Director: James Wong
Starring: Mary Elizabeth Winstead, Ryan Merriman, Alexz Johnson, Kris Lemche, Amanda Crew
Running Time: 93 min.
*** (out of ****)
I always thought the concept behind the Final Destination movies was deeper and not as far fetched as it initially seems. The idea that death could take any one of us at any moment hits a lot closer to home than some are willing to admit. The first Final Destination movie exploited this fear to maximum effect. The second movie did not. It abandoned the concept of strangers being thrown together by fate and attempting to win a poker game with death. Luckily, this second sequel goes back to the original film's roots as director James Wong returns to remind us what brought this franchise to the dance. It's easily the best in the series in addition to being a fairly smart movie that that does the teenage horror genre proud. It also features the best use of a roller coaster ever in a motion picture (excluding of course the late 70's disaster movie Roller Coaster). I'm worried the "3" in the title will stop people from buying or renting this, thinking it'll just be another lame sequel. It's not.

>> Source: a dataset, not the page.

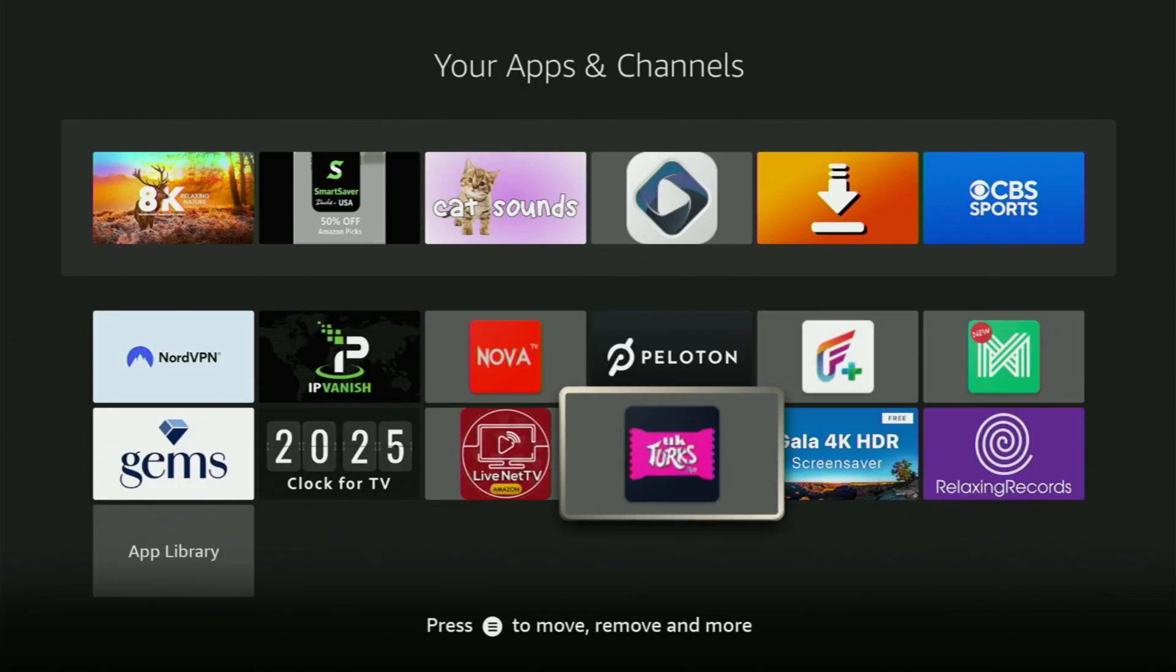Hey, how's it going? Today I'll show you how to get the UK Turks app to your Fire Stick in 2025.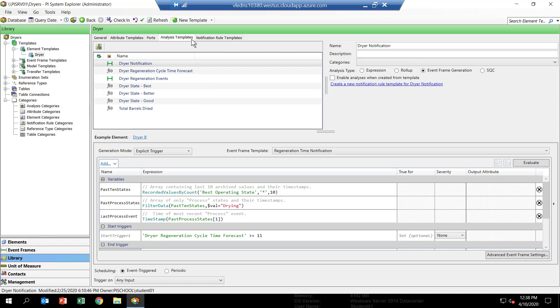And then the final analytic, called Total Barrels Dried, will be a calculation that accumulates the total barrels fed through each of the dryers. One will be for calculating the accumulated total throughout its lifetime, and the other one will be for calculating the barrels through a specific period of time when it's in the drying mode.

A group of high school kids prepare to ride one of those terrifying rollercoasters that everyone's afraid of going on but few would actually admit to. All except Wendy Christensen (Mary Elizabeth Winstead) who has a premonition of a horrific accident and freaks out, causing her and a bunch of other classmates to get off the ride. Much like the students in the first FD movie who were meant to die in the airplane crash, death then comes after all of them one by one in the order they were supposed to be seated in the rollercoaster.
Grieving over the death of her boyfriend on the ride, Wendy teams up with Kevin (Ryan Merriman), another survivor, to try to thwart death's plan. One of the clever things about the movie is how they're aware of what happened to the students in the first film and use it as a reference point to figure out what's going to happen to them. There's a great scene (which will no doubt offend many) where Kevin pulls out eery pictures that serve as clues that the assassination of Lincoln and the 9/11 attacks were going to happen, hammering home the point that death has a plan and there's often no escaping it. They look at the pictures taken before they got on the ride for clues to their fates and methods of their demise. They find them, but that's no guarantee they can stop it as the movie goes places you really don't expect it to, especially in it's clever ending, which liberally borrows from 1972's Tales From the Crypt.
The death scenes in this movie are also the most entertaining in the series using a tanning salon, a weight room, and a drive-thru in ways you won't believe. That's not even mentioning the incredible roller coaster disaster at the start of the film. It always bothered me that a roller coaster was never really used to it's full effect in the movies. If you think about it there's really nothing scarier than being suspended that far up in the air and have something go wrong. Finally a movie has taken advantage of that very real terror and complete loss of control.
The characters are all typical teen horror movie caricatures like the jock, the goth chick, the dumb blonde slut, the sceptic, the virginal girl and the sleazy scumbag. What's great is the movie seems to revel it, with the filmmakers even bragging about it on the special features disc. Those descriptions of the characters were actually their's not mine. All the actors have fun with their parts, but Mary Elizabeth Winstead (who looks like a prettier version of Zooey Deschanel) does about as good a job as the virginal heroin that I've ever seen in a teen horror flick. She actually looks and acts like a real high school girl, which is rare in this genre.
That the movie is populated by nobody actors helps it's cause as everything seems fresh, so much so I started to forget this was a sequel or that there was ever any other Final Destination film. This one sets standard for the series. If the movie made more interesting choices visually, taken the narrative a little more seriously and aimed a little higher it would have taken this thriller into 4 star territory, like the brilliant Saw. That's not a complaint though, because it's not that type of movie and really shouldn't aim to be. The movie is so fun and exciting I can't imagine anyone wouldn't enjoy it for what it is.
This release comes in a 2-disc "Thrill Ride Edition" that's as fully loaded as any recent release you've seen. There's an fascinating documentary on the conventions of the "dead teenager movie" complete with a great interview with Roger Ebert, a documentary on the making of the film, and an animated short about real-life cases of people narrowly avoiding death that's incredible. There's also the full-length audio commentary and a feature that lets you watch the movie while changing the course of events and the character's fates. While there will definitely be better movies than FD3 this year, I doubt they'll be anything better in the teen horror movie genre. Hopefully, there isn't a Final Destination 4. Better that the series go out on top.